Last week’s 2012 Plenary Meeting of the Kimberley Process Certification Scheme – which attempts to prevent the trafficking of conflict diamonds – featured two noteworthy achievements for USAID’s ongoing efforts to strengthen land tenure and property rights and prevent conflict. The first achievement was a Memorandum of Understanding (MoU) between USAID and the European Union to support the implementation of the Kimberley Process. Under this MoU, USAID and the EU will collaborate on the Property Rights and Artisanal Diamond Development (PRADD) program. The PRADD program, which currently operates in the Central African Republic, works to clarify and strengthen the property rights of artisanal miners, while increasing the benefits to mining communities through environmental rehabilitation, enhanced diamond traceability, and improved land and mining laws. USAID and the EU will co-fund the expansion of the PRADD program into Cote D’Ivoire.
This is the first time USAID and the EU have partnered on artisanal mining issues. This type of partnership allows donors to coordinate efforts and leverage resources for maximum impact, further opening the door for greater international cooperation in combating conflict diamonds and addressing other land tenure issues.

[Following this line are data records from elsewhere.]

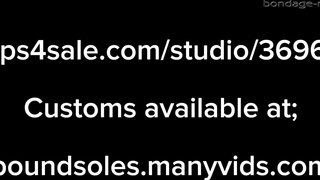 Brunette Chick Tied Up Blindfolded On The Floor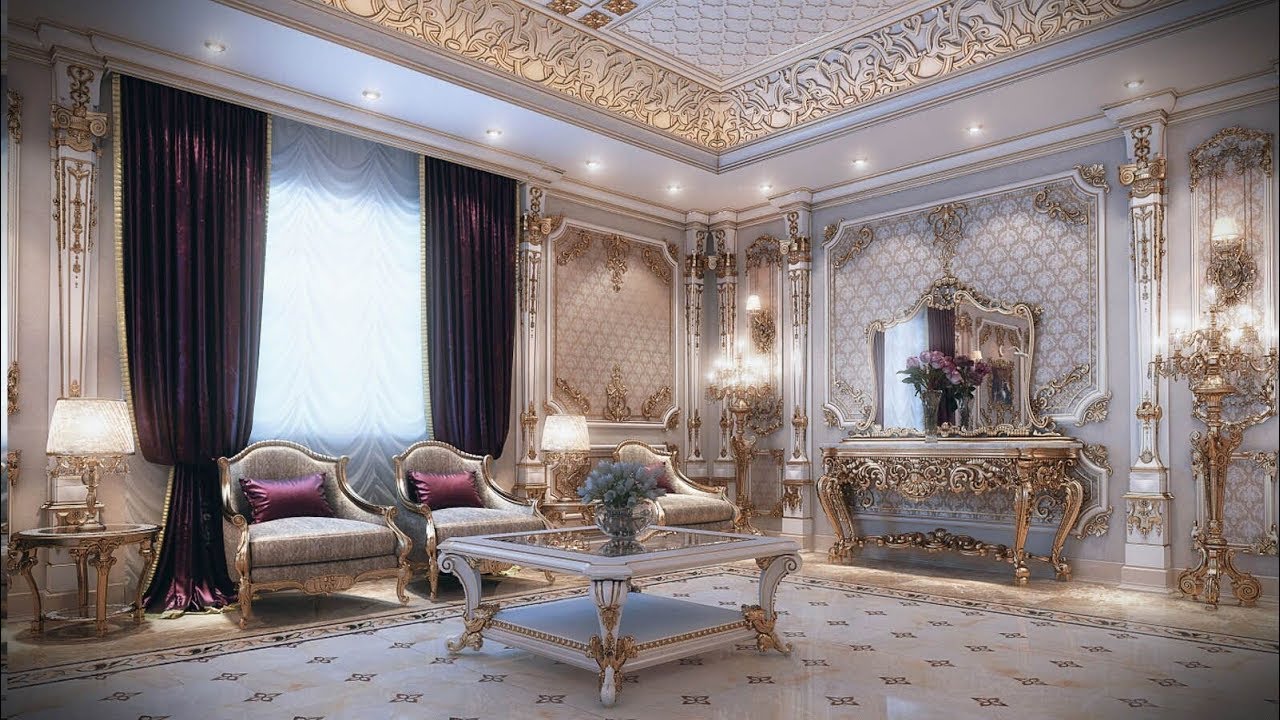 Красивые гостиные в стиле классика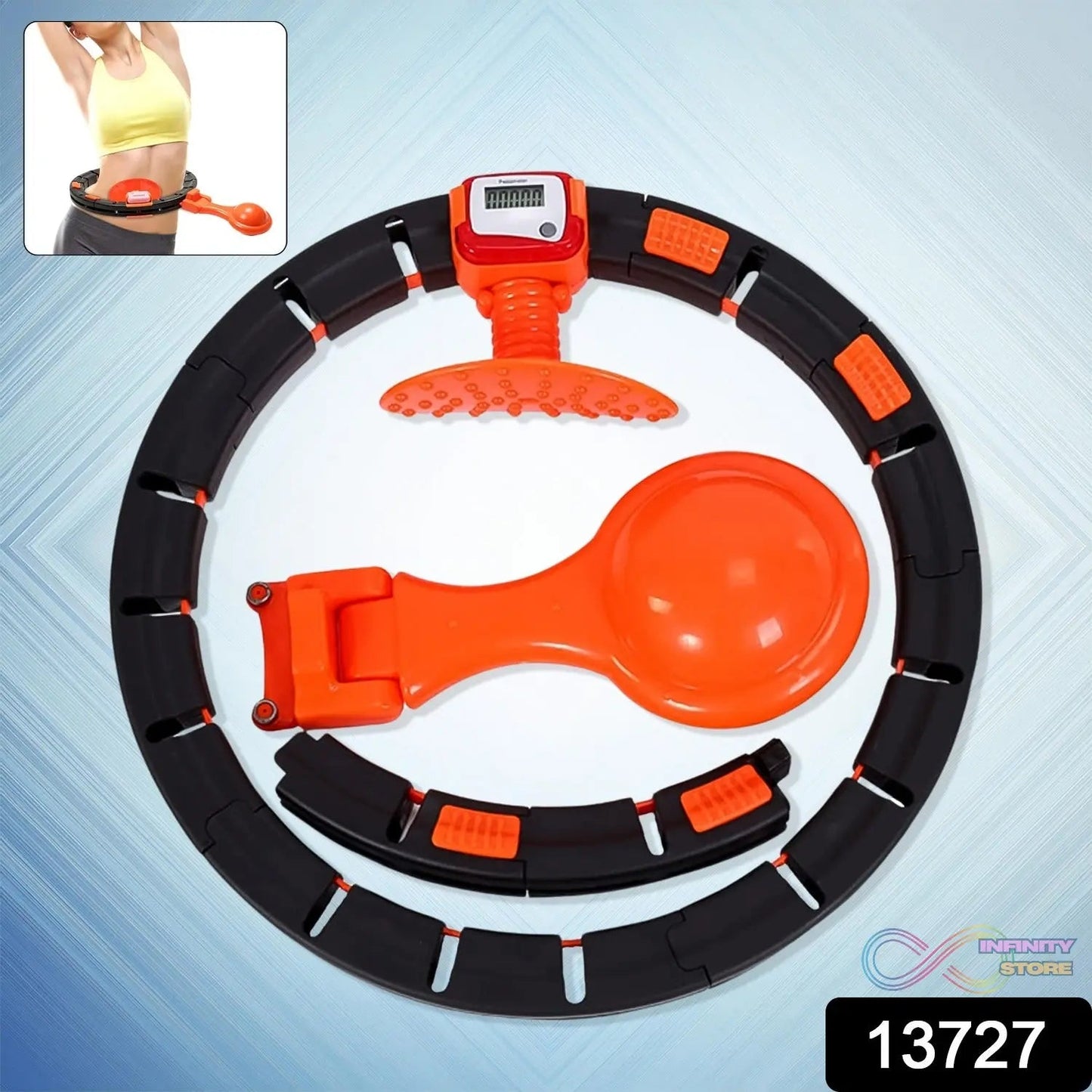 Smart Fitness Hula Hoops with Spinning Ball and Intelligent Counter (1 Pc / Loose) - infinityexculsivestore.com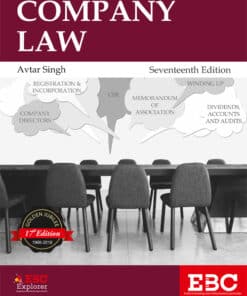 EBC's Company Law by Avtar Singh - 17th Edition 2018, Reprinted with Supplement 2021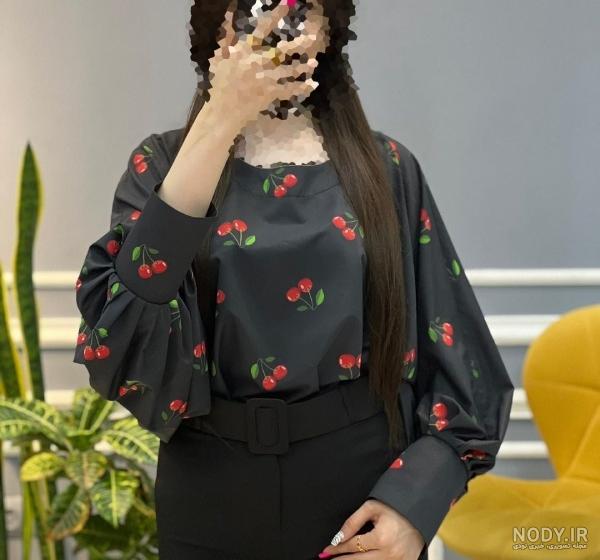 ۵۰ مدل شومیز آستین کیمونو جدید ۱۴۰۲ برای خانم هایی که به دنبال یک ...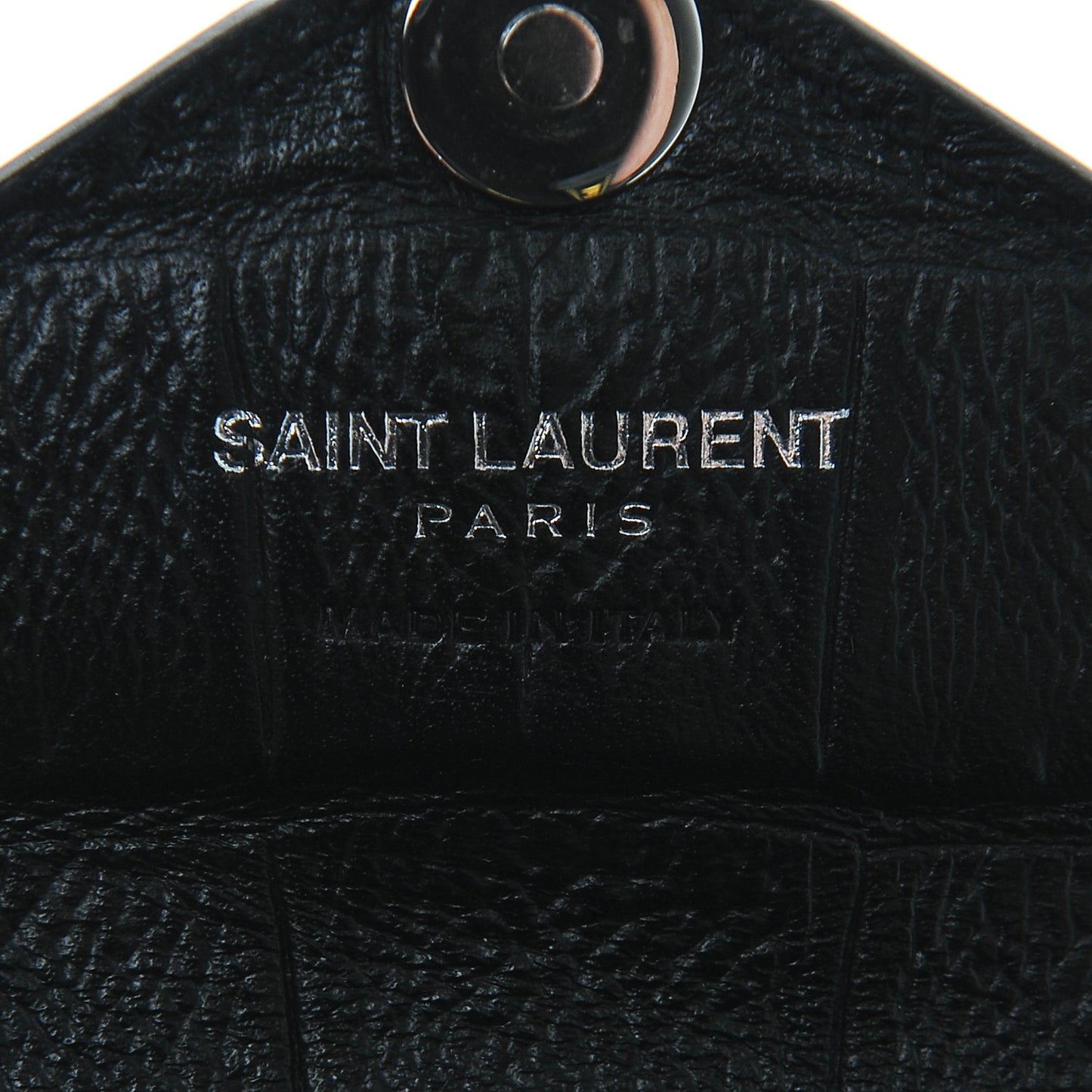 Calfskin Crocodile Embossed Monogram Candy Crossbody Black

The second achievement was the adoption of the Washington Declaration, which formally incorporates development objectives into Kimberley Process implementation. The Washington Declaration – which was developed by the KP Working Group on Artisanal and Alluvial Production, with support from the U.S. Government, the Diamond Development Initiative, and others – contains several policy goals formulated under the PRADD program. The PRADD program has been instrumental in demonstrating the importance of economic development in bringing rough diamonds into legitimate chains of custody.